The settlement agreement provided, in pertinent part, that:

As a result of this Redress session, [complainant] and [management] will

coordinate all relevant information allowing [management] to develop a

new job offer for [complainant] in accordance with her current activity

restrictions working in T-2. The target for completion of the job offer

is 30 September 2003. In the interim, [complainant] will remain on T-2

with Monday & Tuesday as days off.

At the time of the settlement agreement, complainant was employed

as a Full-time Regular Clerk at a Colorado facility of the agency.

In a letter dated February 1, 2006, complainant alleged that the agency

breached the settlement agreement by forcing her to work overtime in her

limited duty position on January 12 and 13, 2006, and requested that

the agency reinstate the above-indicated EEO complaint. In addition,

complainant requested compensatory damages in the amount of $5,000.00.

In a final decision dated February 22, 2006, the agency stated that it

did not breach the September 5 settlement agreement. Specifically,

it explained that (1) the activity restrictions on file at the time

of settlement were dated October 17, 2001, (2) the agency presented

complainant with a letter identifying a limited duty assignment on

September 19, 2003 and allowed her to present the document to her

physician (P1) for review, (3) the agency requested a current Office

of Workers' Compensation Programs Duty Status Report (CA-17) from

complainant and P1 recommended a job site analysis for the current

job offer, which was conducted on November 13, 2003, (4) the agency

presented complainant with a Modified Limited Duty Assignment dated

January 7, 2004 and complainant signed the offer on January 16, 2004,

(5) none of complainant's work restrictions prior to January 16, 2004

identify a restriction on working overtime, and (6) a CA-17 dated after

the scheduled overtime, January 19, 2006, stipulates "no more than 5

days per week, 8 hours per day" of work for complainant. Summarily,

the agency stated that there were no overtime restrictions in place for

complainant on the dates-at-issue herein - January 12 and 13, 2006.

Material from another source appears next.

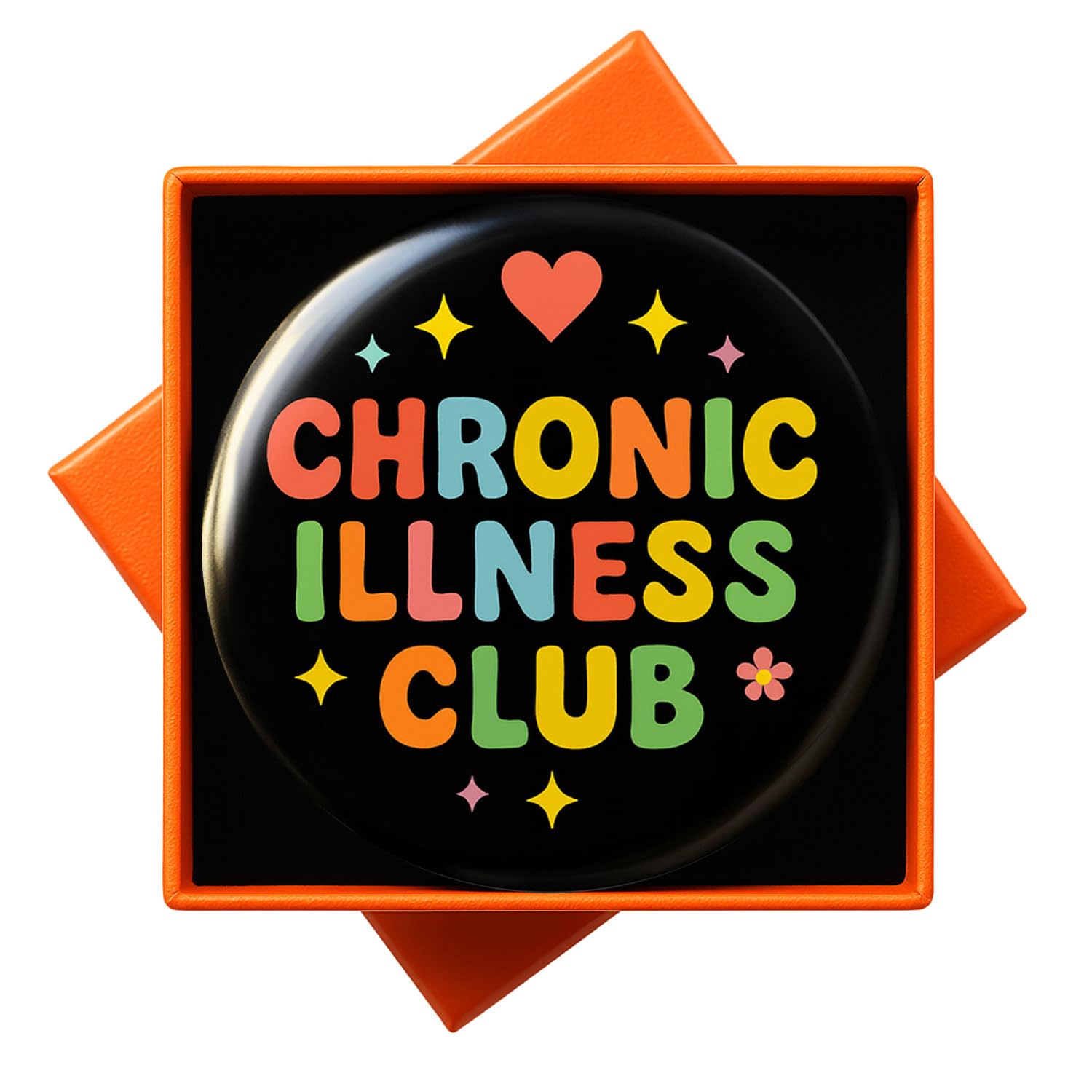 JNSVIEA Chronic Illness Club Pin Button Badge 2.3 inch black base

Complainant filed the instant appeal. On appeal, complainant stated

that the January 16, 2004 Modified Limited Duty Assignment provides

that complainant will work eight hours per day, begin her tour of

duty at 6:15 a.m., and have Monday and Tuesday as non-scheduled days.

Complainant stated that the Assignment did not provide for overtime and

she was not scheduled to work overtime until December 2005, which she was

unable to do because of illness, and then January 16, a Federal holiday.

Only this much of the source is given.